Repeat the entries exactly but omit the pictures.

(Crawled caption data)
□ □ □ □

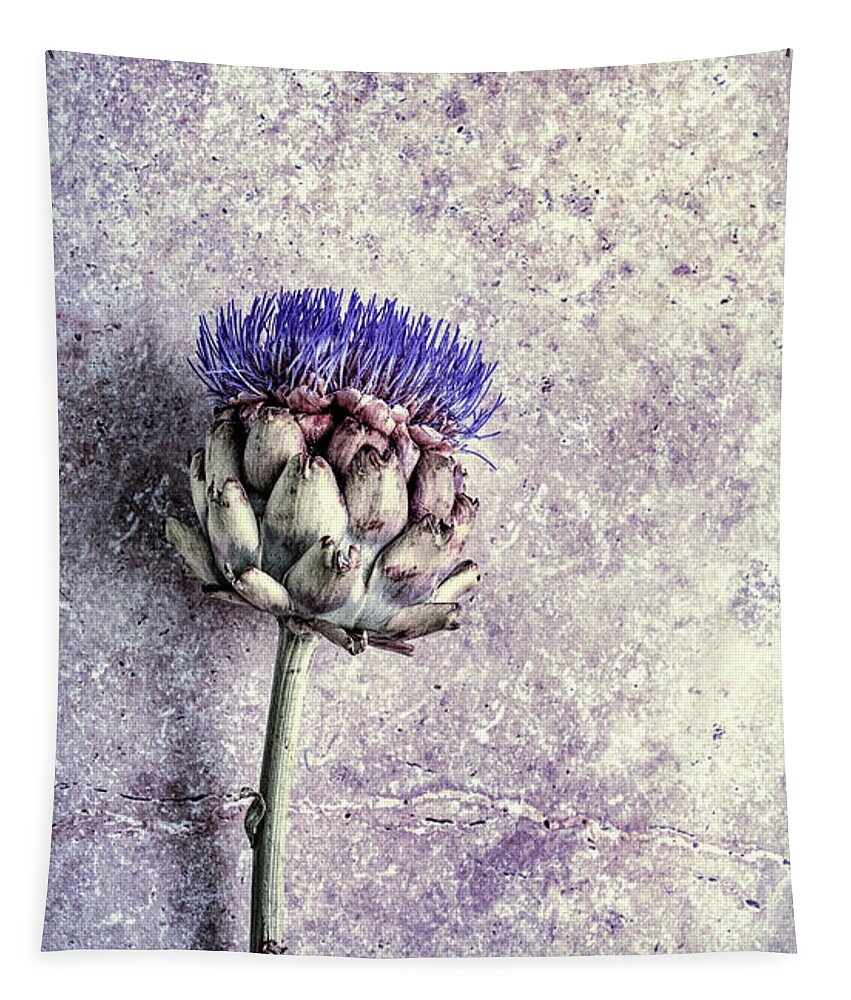 Artichoke Tapestry featuring the photograph Artichoke in Bloom by Susan Maxwell Schmidt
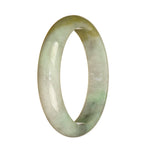 A beautiful bracelet made of high-quality pale green and light brown jadeite jade, certified as Grade A. The bracelet features a 59mm half moon design and is crafted by MAYS.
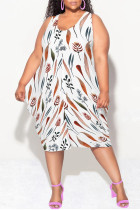 White Casual Letter Print Gradient Irregular Contrast U Neck Irregular Plus Size Dresses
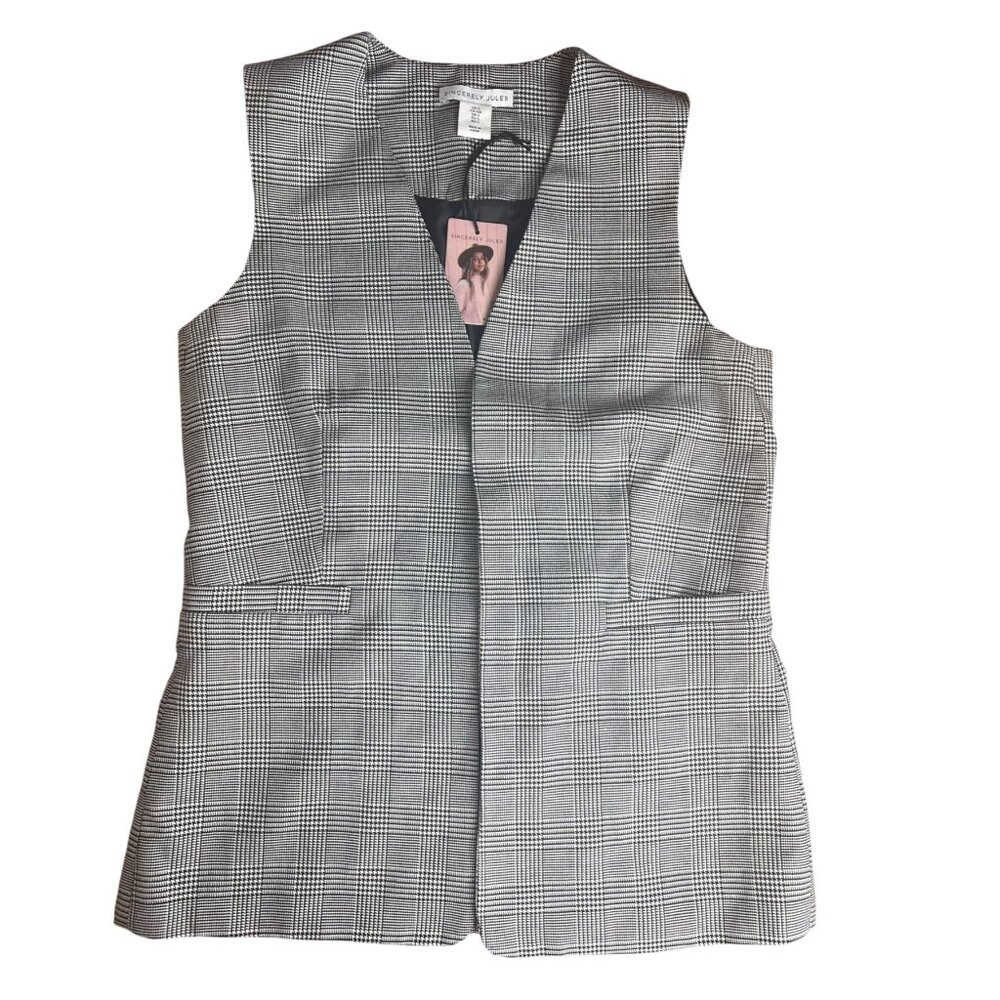 Sincerely Jules Black & White Glen Plaid Sleeveless Vest Womens Size Small - Picture 8 of 12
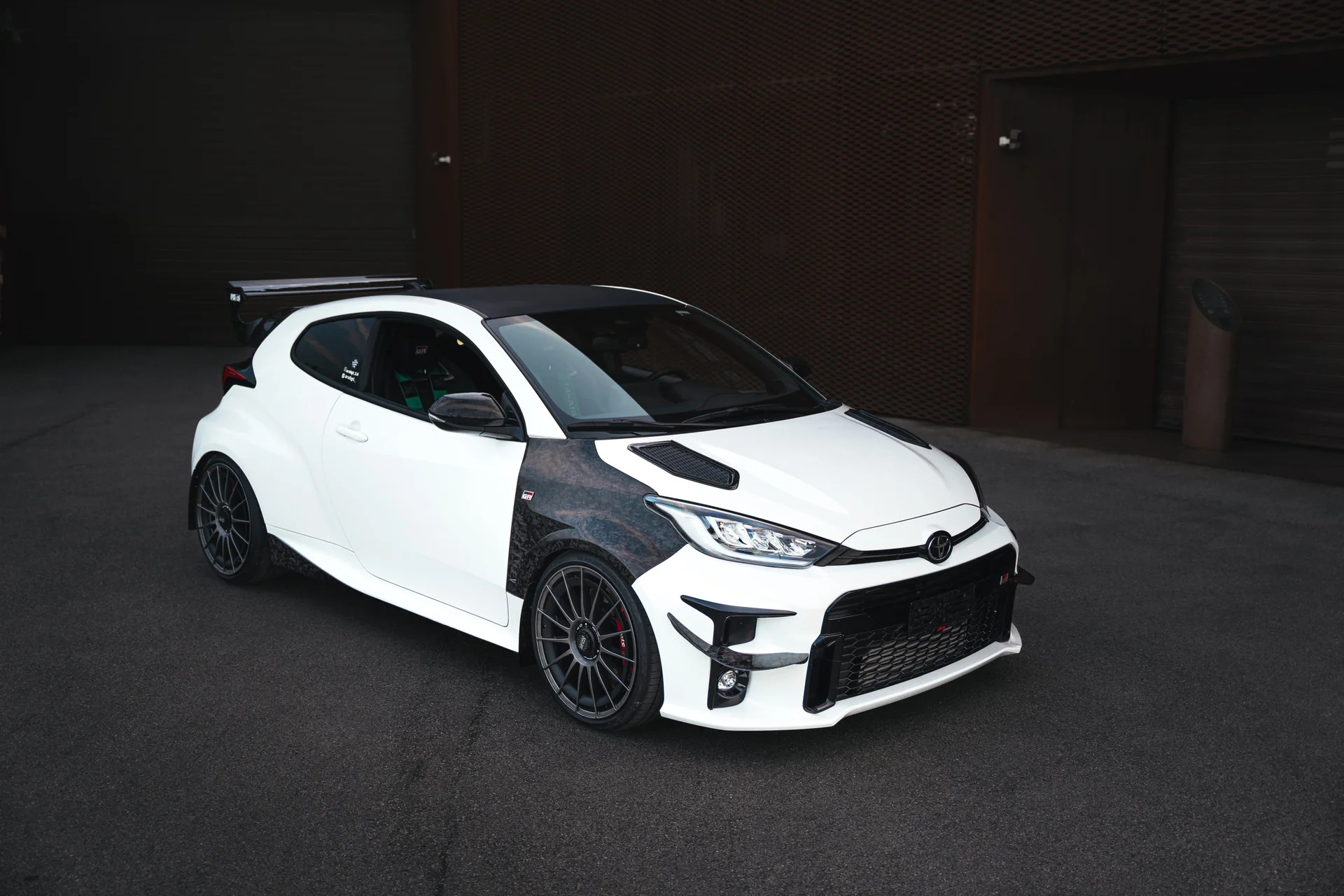 Toyota GR Yaris with carbon fibre body kit: bonnet, wing panels, side skirts and spoiler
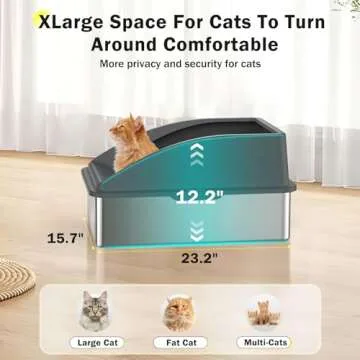 Stainless Steel Cat Litter Box, Extra Large Litter Boxes for Big Cats, Anti-Urine Leakage XL Litter Box with High Sides, Xlarge Metal Litter Box with Lid, Easy Clean, Non-Sticky, Cat Mat & Metal Scoop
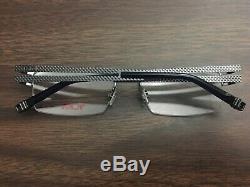 TUMI T108 Eyeglasses Frame Japan Half Rim Brushed Silver Blue New 53 18 140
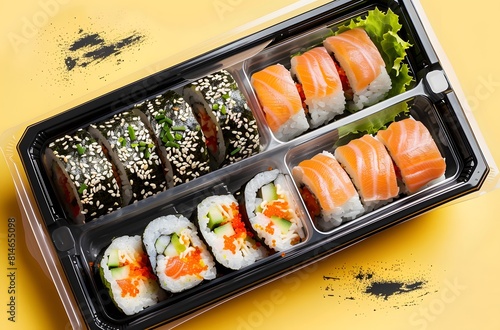 Close-up of sushi and maki rolls in a delivery tray on a pale yellow background. Japanese traditional food.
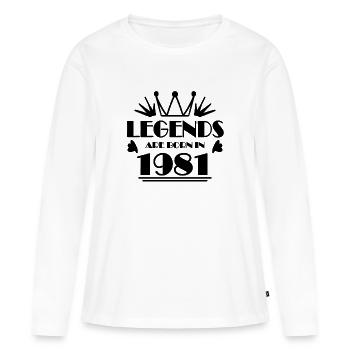 1981 - Né en 1981 - T-shirt manches longues Premium bio Femme - blanc - Devant - Julia (174cm)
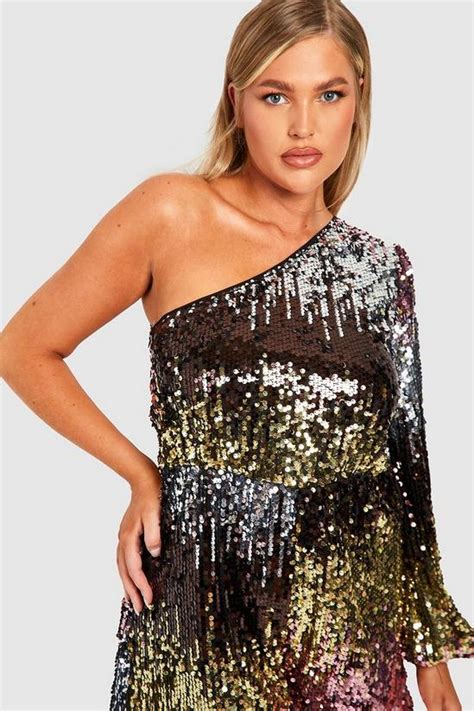 Playsuits Plus Rainbow Sequin One Shoulder Playsuit Boohoo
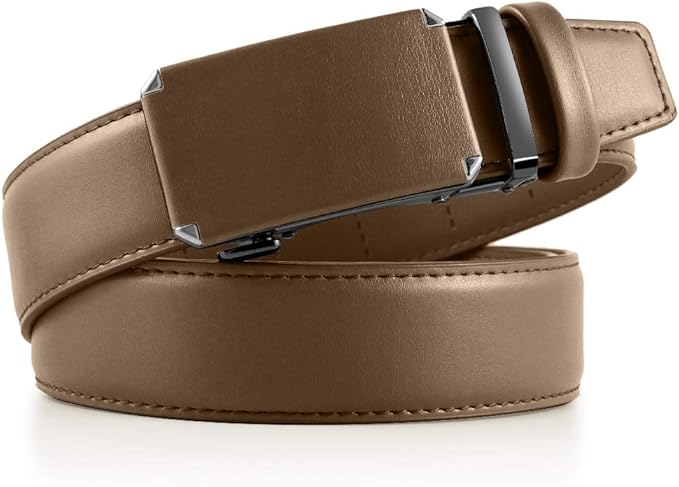 DOOPAI Belt Men, Ratchet Dress Adjustable 1 3/8" Sliding Leather Designer, Size Length Can be Cut, with Gift Box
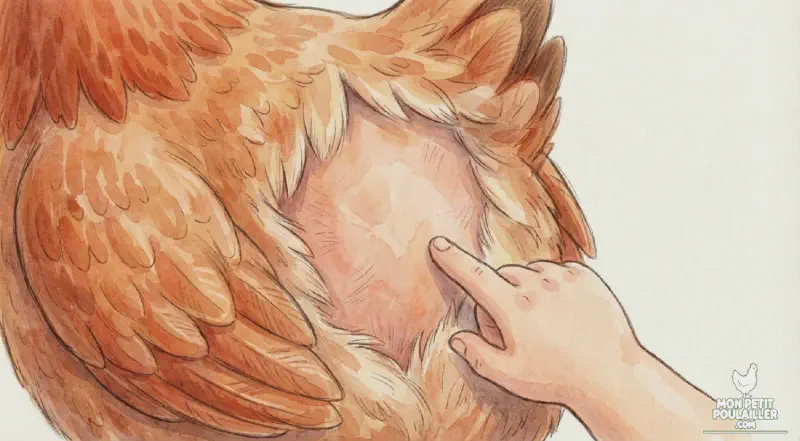 Schéma montrant la peau nue et rouge sous le ventre d'une poule qui couve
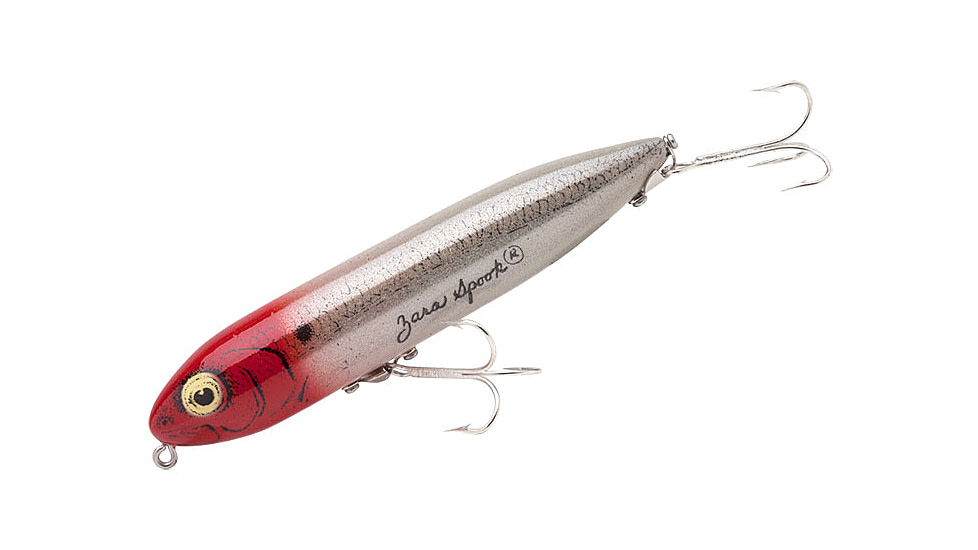 Heddon Zara Spook Topwater Walking Bait, 4-1/2in, 3/4 oz, G-Finish Pearl/Red Head, X9255G28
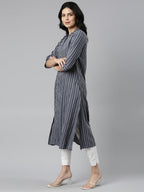 Grey Striped Cotton Silk A-line Kurtas for women from samhitas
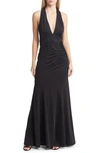 LULUS TENTH AVENUE RUCHED HALTER NECK GOWN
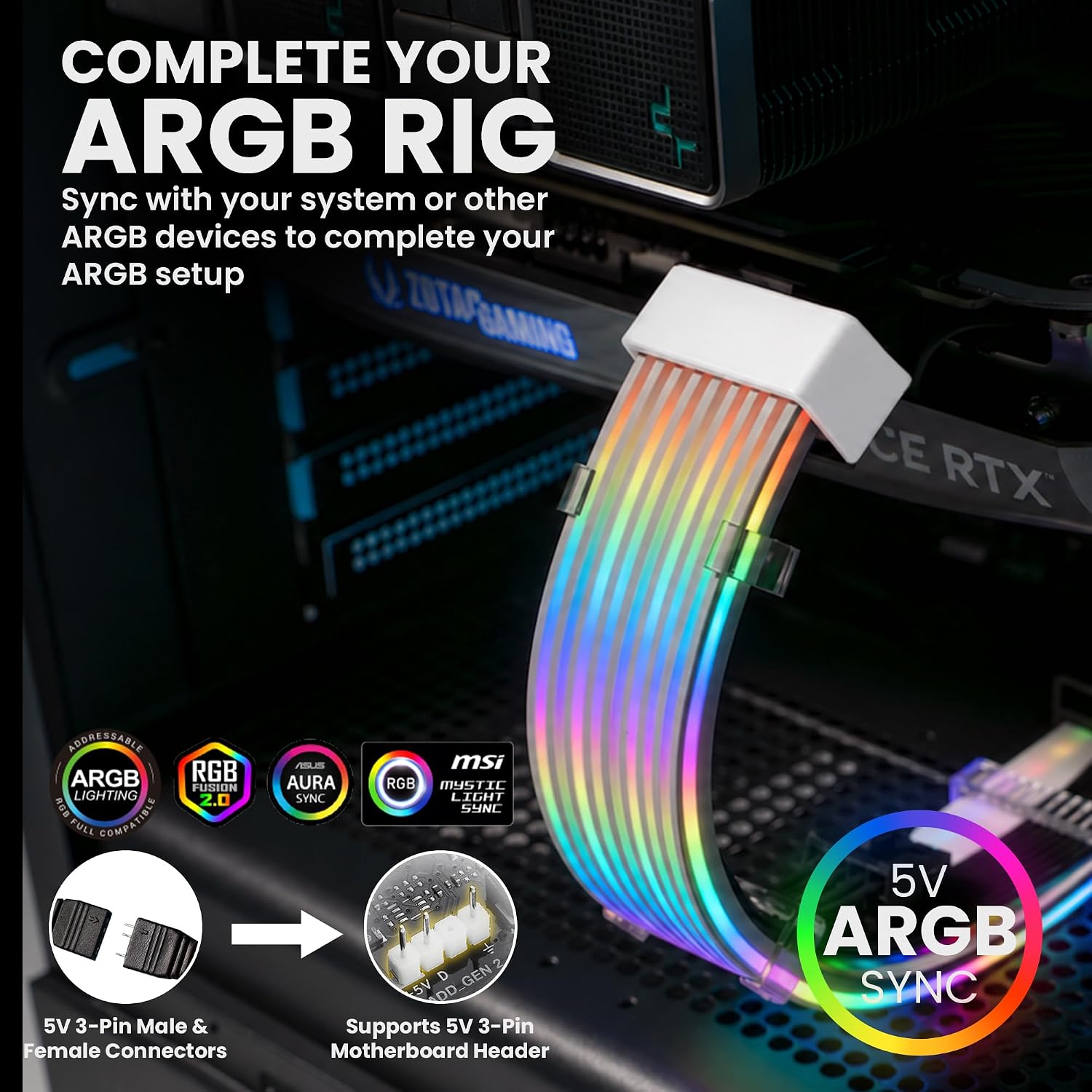 KIT DE ILUMINACIÓN RGB PARA CABLES TECWARE FLEX COMPATIBLE CON 2X8-PIN Y SATA DONGLE BLANCO - 5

□ □ □ □

Finished task
 Artichoke Tapestry featuring the photograph Artichoke in Bloom by Susan Maxwell Schmidt
 A beautiful bracelet made of high-quality pale green and light brown jadeite jade, certified as Grade A. The bracelet features a 59mm half moon design and is crafted by MAYS.
 White Casual Letter Print Gradient Irregular Contrast U Neck Irregular Plus Size Dresses
 Sincerely Jules Black & White Glen Plaid Sleeveless Vest Womens Size Small - Picture 8 of 12
 Toyota GR Yaris with carbon fibre body kit: bonnet, wing panels, side skirts and spoiler
 Stainless Steel Cat Litter Box, Extra Large Litter Boxes for Big Cats, Anti-Urine Leakage XL Litter Box with High Sides, Xlarge Metal Litter Box with Lid, Easy Clean, Non-Sticky, Cat Mat & Metal Scoop
 TUMI T108 Eyeglasses Frame Japan Half Rim Brushed Silver Blue New 53 18 140
 Close-up of sushi and maki rolls in a delivery tray on a pale yellow background. Japanese traditional food.
 1981 - Né en 1981 - T-shirt manches longues Premium bio Femme - blanc - Devant - Julia (174cm)
 Playsuits Plus Rainbow Sequin One Shoulder Playsuit Boohoo
 DOOPAI Belt Men, Ratchet Dress Adjustable 1 3/8" Sliding Leather Designer, Size Length Can be Cut, with Gift Box
 Schéma montrant la peau nue et rouge sous le ventre d'une poule qui couve
 Heddon Zara Spook Topwater Walking Bait, 4-1/2in, 3/4 oz, G-Finish Pearl/Red Head, X9255G28
 Grey Striped Cotton Silk A-line Kurtas for women from samhitas
 LULUS TENTH AVENUE RUCHED HALTER NECK GOWN
 KIT DE ILUMINACIÓN RGB PARA CABLES TECWARE FLEX COMPATIBLE CON 2X8-PIN Y SATA DONGLE BLANCO - 5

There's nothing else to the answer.